Clear policing targets still needed

Front Cover Vague targets are making progress in policing harder to measure but more clarity is expected from next year.

The Northern Ireland Audit Office has again called on the Policing Board to introduce clearer targets for the PSNI. The problem was first highlighted last September when the Comptroller and Auditor General, Kieran Donnelly, gave a qualified opinion on the 2012-2013 Policing Plan.

Many of the measures were vague and were over a long timeframe, meaning that immediate and tangible progress was not demanded. It was therefore unclear whether the PSNI’s performance was improving or not.

Donnelly has again qualified his opinion on the 2013-2014 Policing Plan as “only limited progress” has been made since last autumn. However, the board and the PSNI have assured him that “specific, measurable, achievable, relevant and time-based targets” will be included in the 2014-2015 plan.

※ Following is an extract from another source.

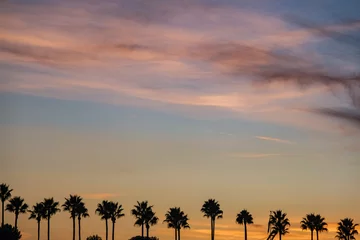 Foto auf Alu-Dibond Silhouette of lighthouse and palm trees against beautiful sunset sunrise dusk dawn fire sky in Long Beach, California for romantic times © Tamme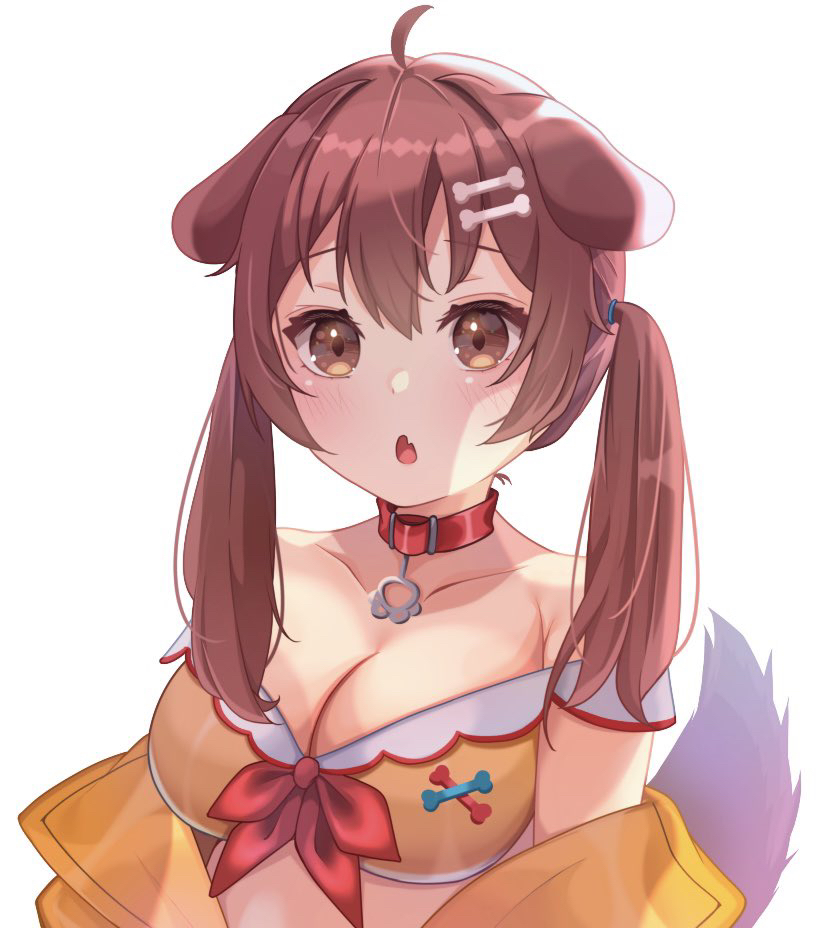 1girl, adapted_costume, ahoge, alternate_hairstyle, animal_ears, bone_hair_ornament, breasts, brown_eyes, brown_hair, cleavage, collar, collarbone, commentary_request, hair_ornament, hololive, inugami_korone, inugami_korone_(1st_costume), large_breasts, simple_background, tail, temari_maco, tsurime, twintails, virtual_youtuber, white_background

The PSNI has consistently said that it will aim for the highest possible reduction or increase in each target area. The Auditor General therefore wants to see targets based on numbers and benchmarks with other UK police services.

The 2013-2014 plan does expect the police to reduce overall crime by 2 per cent but this does not include targets for reducing specific types of crime e.g. burglaries.

Another target promises to increase “the overall rate of crime outcomes achieved by use of a variety of appropriate disposal methods” by three percentage points. The meaning of this wording is not obvious and the Audit Office wants it to be made clear; it refers to the number of crimes cleared up by detectives.

Some standards measure activity rather than the outcomes of those activities. The PSNI would improve its “quality of engagement” with vulnerable people but the plan does not outline the practical changes that these people and their families can expect.

The proportion of police officers “deployed on frontline operational duty” would be increased but the plan does not say what proportion of officers are already on frontline duty. Progress on reducing alcohol-related crime is expected but no deadline is set.

The board has set up a ‘continuous improvement strategic working group’ which needs to meet more regularly. It did not meet at all in 2012-2013 and its first subsequent meeting took place in January 2014.

This group is seen as having “significant potential” in making sure that improvement takes place as it includes all the key agencies which demand and deliver improvement i.e. the Policing Board, the Audit Office, the Department of Justice, Criminal Justice Inspection Northern Ireland, Her Majesty’s Inspectorate of Constabulary, and the PSNI.

Many of the Audit Office’s recommendations concur with an independent assessment of the Policing Board published in 2011. The board, it found, needed to focus on outputs and outcomes and become less process-driven.